→ **Data for analysis**
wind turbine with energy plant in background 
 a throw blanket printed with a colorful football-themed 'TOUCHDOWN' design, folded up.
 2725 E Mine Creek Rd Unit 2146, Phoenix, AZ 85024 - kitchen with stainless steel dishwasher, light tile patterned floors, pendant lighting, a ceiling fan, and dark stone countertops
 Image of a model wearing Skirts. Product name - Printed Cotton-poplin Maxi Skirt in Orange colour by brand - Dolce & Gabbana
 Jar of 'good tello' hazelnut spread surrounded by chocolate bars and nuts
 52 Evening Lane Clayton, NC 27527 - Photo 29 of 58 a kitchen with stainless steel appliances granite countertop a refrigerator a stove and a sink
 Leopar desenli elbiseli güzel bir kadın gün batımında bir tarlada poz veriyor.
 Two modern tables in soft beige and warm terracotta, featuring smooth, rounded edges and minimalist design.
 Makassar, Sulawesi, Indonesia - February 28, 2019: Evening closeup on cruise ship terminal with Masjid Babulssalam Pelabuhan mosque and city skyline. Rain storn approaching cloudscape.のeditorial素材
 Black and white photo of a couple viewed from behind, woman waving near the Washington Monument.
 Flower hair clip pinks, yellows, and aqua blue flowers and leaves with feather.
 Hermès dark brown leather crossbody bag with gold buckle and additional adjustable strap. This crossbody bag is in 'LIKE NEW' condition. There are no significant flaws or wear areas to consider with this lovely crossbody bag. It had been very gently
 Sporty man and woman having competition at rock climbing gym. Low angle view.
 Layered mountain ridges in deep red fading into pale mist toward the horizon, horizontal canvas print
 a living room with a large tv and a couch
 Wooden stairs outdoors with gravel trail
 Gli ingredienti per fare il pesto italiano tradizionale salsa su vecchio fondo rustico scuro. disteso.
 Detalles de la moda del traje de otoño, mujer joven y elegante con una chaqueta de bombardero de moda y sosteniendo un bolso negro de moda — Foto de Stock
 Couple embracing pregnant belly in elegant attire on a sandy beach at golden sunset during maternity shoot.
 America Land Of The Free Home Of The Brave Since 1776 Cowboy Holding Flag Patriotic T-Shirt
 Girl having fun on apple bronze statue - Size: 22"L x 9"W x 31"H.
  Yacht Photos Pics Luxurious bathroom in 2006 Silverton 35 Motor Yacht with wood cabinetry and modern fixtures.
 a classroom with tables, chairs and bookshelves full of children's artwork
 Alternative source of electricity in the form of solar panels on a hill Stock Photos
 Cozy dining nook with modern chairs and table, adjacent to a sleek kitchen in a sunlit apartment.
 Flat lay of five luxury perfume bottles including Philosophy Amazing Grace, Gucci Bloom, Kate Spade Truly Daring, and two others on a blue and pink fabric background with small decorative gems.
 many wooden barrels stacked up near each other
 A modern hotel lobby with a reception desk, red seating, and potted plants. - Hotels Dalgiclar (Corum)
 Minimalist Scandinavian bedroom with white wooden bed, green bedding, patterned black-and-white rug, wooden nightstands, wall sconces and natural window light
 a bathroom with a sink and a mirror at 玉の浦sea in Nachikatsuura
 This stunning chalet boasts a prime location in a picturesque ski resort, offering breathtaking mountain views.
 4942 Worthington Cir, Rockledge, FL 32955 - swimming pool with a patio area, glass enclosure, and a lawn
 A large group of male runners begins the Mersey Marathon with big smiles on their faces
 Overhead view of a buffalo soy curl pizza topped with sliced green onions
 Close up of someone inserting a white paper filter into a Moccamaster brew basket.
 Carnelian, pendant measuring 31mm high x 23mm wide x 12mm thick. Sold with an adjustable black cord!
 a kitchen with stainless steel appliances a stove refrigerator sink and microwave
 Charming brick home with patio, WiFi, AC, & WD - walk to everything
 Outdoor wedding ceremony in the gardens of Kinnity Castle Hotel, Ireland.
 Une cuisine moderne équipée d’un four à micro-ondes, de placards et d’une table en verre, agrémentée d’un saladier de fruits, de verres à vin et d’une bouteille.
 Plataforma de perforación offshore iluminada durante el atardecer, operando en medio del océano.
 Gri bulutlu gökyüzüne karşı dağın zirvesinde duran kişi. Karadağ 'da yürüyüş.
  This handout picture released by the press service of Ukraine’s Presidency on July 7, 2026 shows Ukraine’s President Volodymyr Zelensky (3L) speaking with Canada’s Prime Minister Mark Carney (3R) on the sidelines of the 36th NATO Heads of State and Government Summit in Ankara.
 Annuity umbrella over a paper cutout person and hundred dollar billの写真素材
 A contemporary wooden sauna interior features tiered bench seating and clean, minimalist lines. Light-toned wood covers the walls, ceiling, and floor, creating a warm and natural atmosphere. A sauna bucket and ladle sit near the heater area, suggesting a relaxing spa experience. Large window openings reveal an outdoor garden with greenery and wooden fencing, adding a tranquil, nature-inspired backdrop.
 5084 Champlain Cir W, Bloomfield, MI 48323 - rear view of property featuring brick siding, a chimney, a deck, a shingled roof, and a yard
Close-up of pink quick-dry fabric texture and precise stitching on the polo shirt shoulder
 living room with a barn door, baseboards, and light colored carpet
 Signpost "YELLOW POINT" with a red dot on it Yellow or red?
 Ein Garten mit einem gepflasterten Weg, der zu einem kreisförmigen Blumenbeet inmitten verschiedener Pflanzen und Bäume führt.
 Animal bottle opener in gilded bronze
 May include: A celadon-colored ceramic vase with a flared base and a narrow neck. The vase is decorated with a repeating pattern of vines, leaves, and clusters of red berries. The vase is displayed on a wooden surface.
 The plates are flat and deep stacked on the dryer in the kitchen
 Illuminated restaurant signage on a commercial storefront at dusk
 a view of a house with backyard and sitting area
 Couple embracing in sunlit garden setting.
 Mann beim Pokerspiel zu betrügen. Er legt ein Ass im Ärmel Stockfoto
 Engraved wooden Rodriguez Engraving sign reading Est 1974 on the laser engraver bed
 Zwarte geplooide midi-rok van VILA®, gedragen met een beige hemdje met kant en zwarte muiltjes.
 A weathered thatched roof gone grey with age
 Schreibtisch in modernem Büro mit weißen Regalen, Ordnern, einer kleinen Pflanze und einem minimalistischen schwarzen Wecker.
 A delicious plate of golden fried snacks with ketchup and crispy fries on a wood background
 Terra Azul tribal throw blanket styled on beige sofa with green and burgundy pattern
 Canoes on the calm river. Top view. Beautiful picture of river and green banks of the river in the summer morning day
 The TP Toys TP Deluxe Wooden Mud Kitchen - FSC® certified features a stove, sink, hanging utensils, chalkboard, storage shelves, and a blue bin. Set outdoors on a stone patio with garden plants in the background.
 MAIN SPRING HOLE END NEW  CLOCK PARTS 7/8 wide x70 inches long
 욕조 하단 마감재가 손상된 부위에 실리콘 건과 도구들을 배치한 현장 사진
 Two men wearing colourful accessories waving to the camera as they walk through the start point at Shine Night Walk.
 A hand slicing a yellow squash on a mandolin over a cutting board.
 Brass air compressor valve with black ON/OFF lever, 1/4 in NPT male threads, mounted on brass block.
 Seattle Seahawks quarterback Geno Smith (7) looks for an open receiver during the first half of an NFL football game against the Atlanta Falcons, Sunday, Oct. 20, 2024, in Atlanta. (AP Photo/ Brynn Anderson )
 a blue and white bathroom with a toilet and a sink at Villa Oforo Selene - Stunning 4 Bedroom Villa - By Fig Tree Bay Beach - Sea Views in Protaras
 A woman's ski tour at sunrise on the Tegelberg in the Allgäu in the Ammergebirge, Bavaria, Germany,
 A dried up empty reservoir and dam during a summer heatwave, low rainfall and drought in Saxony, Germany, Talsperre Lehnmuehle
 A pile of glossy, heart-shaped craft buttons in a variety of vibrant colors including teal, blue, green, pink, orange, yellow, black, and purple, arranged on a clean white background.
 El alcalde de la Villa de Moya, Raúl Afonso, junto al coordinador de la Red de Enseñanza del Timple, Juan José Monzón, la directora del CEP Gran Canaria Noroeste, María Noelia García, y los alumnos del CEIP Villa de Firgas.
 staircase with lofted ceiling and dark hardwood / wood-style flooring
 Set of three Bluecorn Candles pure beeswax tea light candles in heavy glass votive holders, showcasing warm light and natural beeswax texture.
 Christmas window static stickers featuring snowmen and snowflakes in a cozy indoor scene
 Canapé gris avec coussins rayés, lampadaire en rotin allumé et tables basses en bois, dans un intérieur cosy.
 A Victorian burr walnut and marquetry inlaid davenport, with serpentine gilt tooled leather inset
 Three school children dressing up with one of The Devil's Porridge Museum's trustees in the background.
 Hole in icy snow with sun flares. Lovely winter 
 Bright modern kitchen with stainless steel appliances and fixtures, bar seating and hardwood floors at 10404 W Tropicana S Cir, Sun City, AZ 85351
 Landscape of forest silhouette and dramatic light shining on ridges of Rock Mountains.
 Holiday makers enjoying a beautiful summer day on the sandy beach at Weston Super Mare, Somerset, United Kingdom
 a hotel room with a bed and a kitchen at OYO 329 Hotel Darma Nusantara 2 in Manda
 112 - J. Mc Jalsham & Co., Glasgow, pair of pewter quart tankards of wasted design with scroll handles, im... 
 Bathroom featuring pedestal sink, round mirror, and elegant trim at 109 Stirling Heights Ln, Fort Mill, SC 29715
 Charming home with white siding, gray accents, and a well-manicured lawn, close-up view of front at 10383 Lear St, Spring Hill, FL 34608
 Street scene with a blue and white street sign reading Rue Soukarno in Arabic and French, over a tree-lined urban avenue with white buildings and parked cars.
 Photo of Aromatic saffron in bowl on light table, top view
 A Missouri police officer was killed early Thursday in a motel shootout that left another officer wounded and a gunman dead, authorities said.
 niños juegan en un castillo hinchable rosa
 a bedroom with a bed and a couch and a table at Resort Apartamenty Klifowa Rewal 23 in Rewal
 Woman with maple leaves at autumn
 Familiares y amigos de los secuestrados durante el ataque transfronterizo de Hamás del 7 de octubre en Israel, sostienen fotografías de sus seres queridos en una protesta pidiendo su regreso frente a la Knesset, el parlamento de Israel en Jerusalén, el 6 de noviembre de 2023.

→ **Try it**
Retype the portion of the data above that starts on the line with "a living room with a large tv and a couch" and finishes on the line with "Yacht Photos Pics", including both of those lines.

→ **Task solution**
 a living room with a large tv and a couch
 Wooden stairs outdoors with gravel trail
 Gli ingredienti per fare il pesto italiano tradizionale salsa su vecchio fondo rustico scuro. disteso.
 Detalles de la moda del traje de otoño, mujer joven y elegante con una chaqueta de bombardero de moda y sosteniendo un bolso negro de moda — Foto de Stock
 Couple embracing pregnant belly in elegant attire on a sandy beach at golden sunset during maternity shoot.
 America Land Of The Free Home Of The Brave Since 1776 Cowboy Holding Flag Patriotic T-Shirt
 Girl having fun on apple bronze statue - Size: 22"L x 9"W x 31"H.
  Yacht Photos Pics Luxurious bathroom in 2006 Silverton 35 Motor Yacht with wood cabinetry and modern fixtures.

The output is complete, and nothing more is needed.